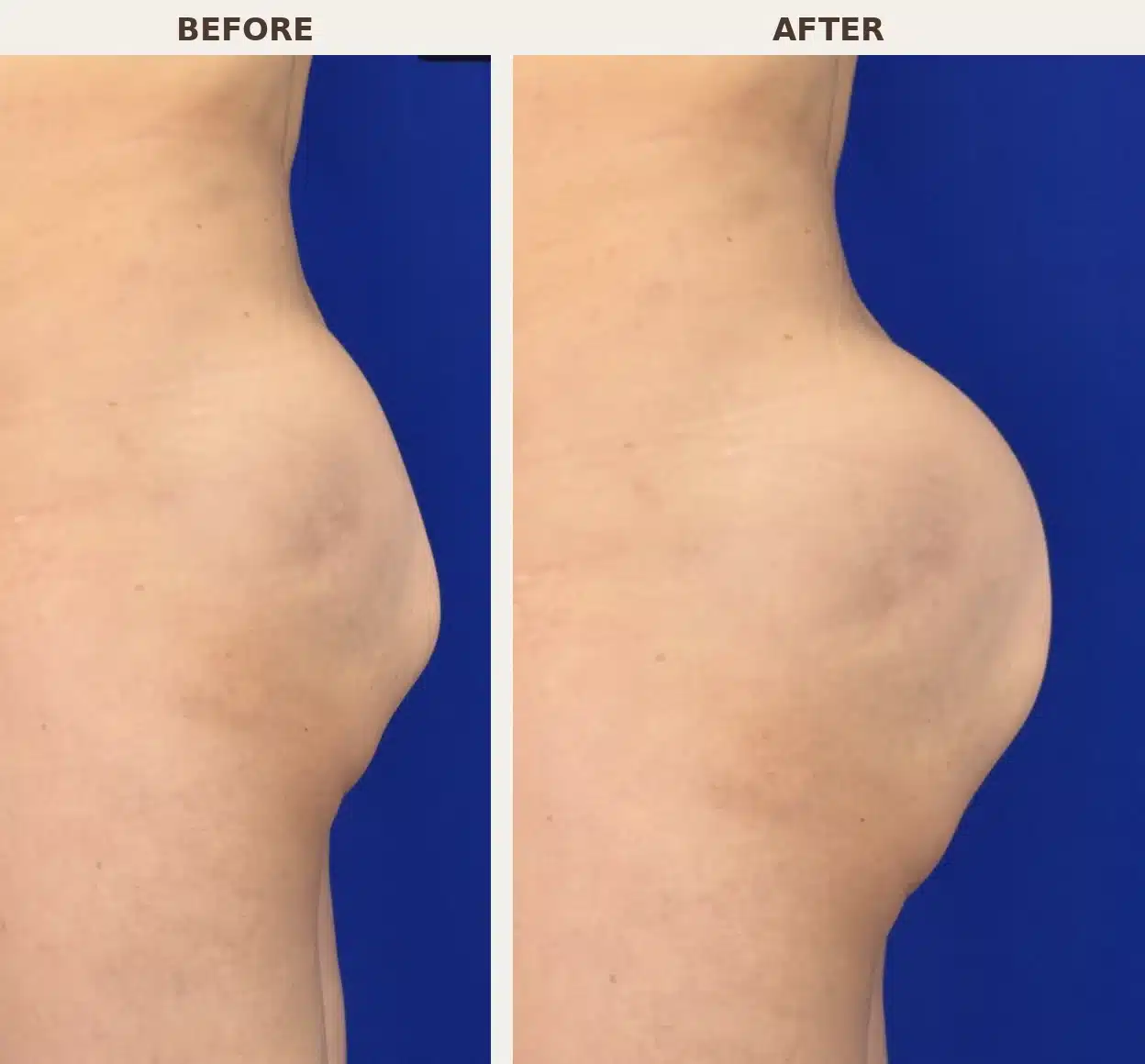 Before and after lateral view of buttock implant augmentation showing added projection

**********

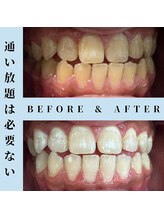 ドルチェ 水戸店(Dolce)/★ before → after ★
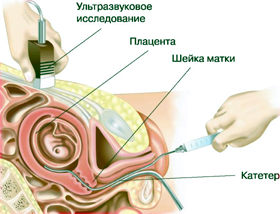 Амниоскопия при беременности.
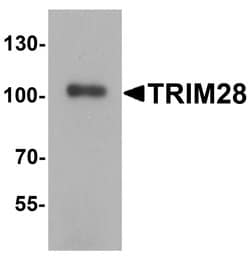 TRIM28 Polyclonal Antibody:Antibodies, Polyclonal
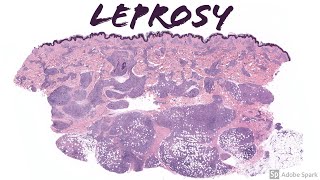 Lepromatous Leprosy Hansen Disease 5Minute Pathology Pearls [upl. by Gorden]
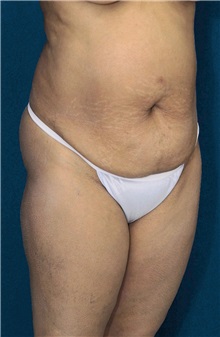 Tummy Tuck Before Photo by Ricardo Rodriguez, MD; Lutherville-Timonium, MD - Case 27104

**********

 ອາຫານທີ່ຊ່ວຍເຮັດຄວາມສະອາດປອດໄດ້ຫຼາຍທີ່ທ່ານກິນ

**********

Task to complete »
Using the records above, repeat exactly the run of lines that starts with the line with "Lepromatous Leprosy Hansen" and goes on through the line with "Tummy Tuck Before"; omit each picture.

Exercise response »
 Lepromatous Leprosy Hansen Disease 5Minute Pathology Pearls [upl. by Gorden]
 Tummy Tuck Before Photo by Ricardo Rodriguez, MD; Lutherville-Timonium, MD - Case 27104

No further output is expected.